Saturday, September 26, 2015

Who is the narrator of The Strange Case of Dr. Jekyll and Mr. Hyde?

The narrator of The Strange Case of Dr. Jekyll and Mr. Hyde is an anonymous third person limited narrator who directs how the story will be told, beginning in Chapter 1 where thenarrator says:



"Mr. Utterson the lawyer was a man of a rugged countenance that was never lighted by a smile; cold, scanty and embarrassed in discourse..."



This narrator tells the story through the experience, thoughts, feelings, actions, motives of Mr. Utterson, which is why a story about Jekyll and Hyde starts out with a description of Mr. Utterson. Since the narrator is limited and not omniscient, (1) Stevenson always orients the story from Utterson's point of view and (2) Stevenson was free to expand his narratorial options by having three different people, therefore three different voices, take over the narration at various points in the story.


The first place in which another narratorial voice takes over the story is in Chapter 1 in which Mr. Enfield, Utterson's distant cousin and confidant, introduces Mr. Hyde by telling Utterson about a most peculiar incident that he was involved in that centered on Hyde. So in this instance, Stevenson employs the literary technique of an embedded narrator: a third person narrator telling about a character narrating a story to another character, a technique Joseph Conrad also used in Heart of Darkness.


In Chapters 9 and 10, Stevenson employs another technique to vary the narratorial voice although the narrator remains the same third person limited narrator, as is confirmed in Chapter 8: " Mr. Utterson was sitting by his fireside one evening after dinner,...." In chapters 9 and 10, Stevenson employs two letters, one from Dr. Lanyon to Mr. Utterson and one from Dr. Jekyll to Mr. Utterson, to continue the story of Dr. Jekyll and Mr. Hyde. This is called an epistolary (letter) technique.

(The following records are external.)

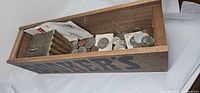 Top view of Booker's box showing coins, coin bank and coin flips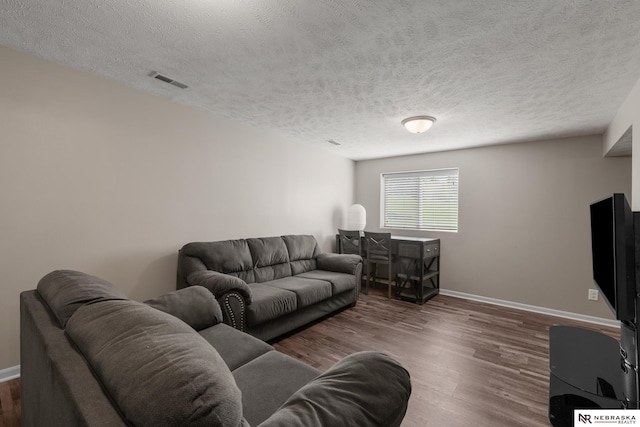 living area featuring a textured ceiling, visible vents, wood finished floors, and baseboards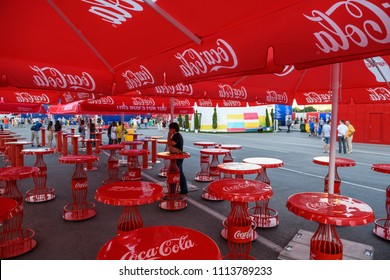 Russia, Rostov-on-Don, June 15, 2018: FIFA World Cup 2018 zone Coca-Cola with branded tables and umbrellas in Rostov-on-Don, where they eat and drink football fans
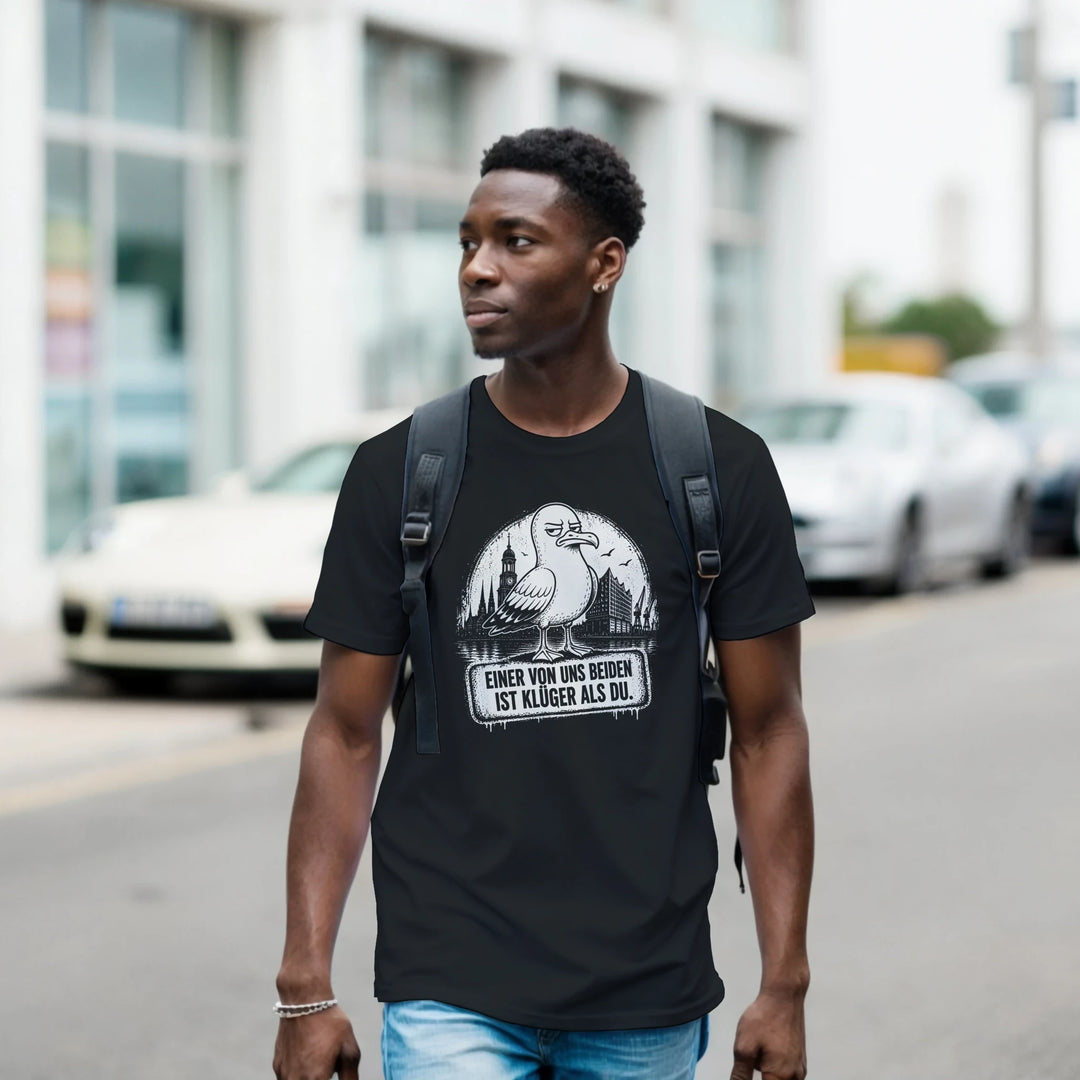 Mann mit Rucksack trägt das T-Shirt mit Hamburg-Möwe beim Spaziergang durch die Stadt, Autos im Hintergrund.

So, while the narrator is an invovled ("Never (she used to say, with streaming tears, when she narrated that experience), never had she felt...") though objective third person limited (one point of view through one character) narrator, the narratorial voice varies through embedded narration (Mr. Enfield) and two instances of epistolary narration in which Dr. Lanyon speaks (Chapter 9) and then Dr. Jekyll speaks (Chapter 10).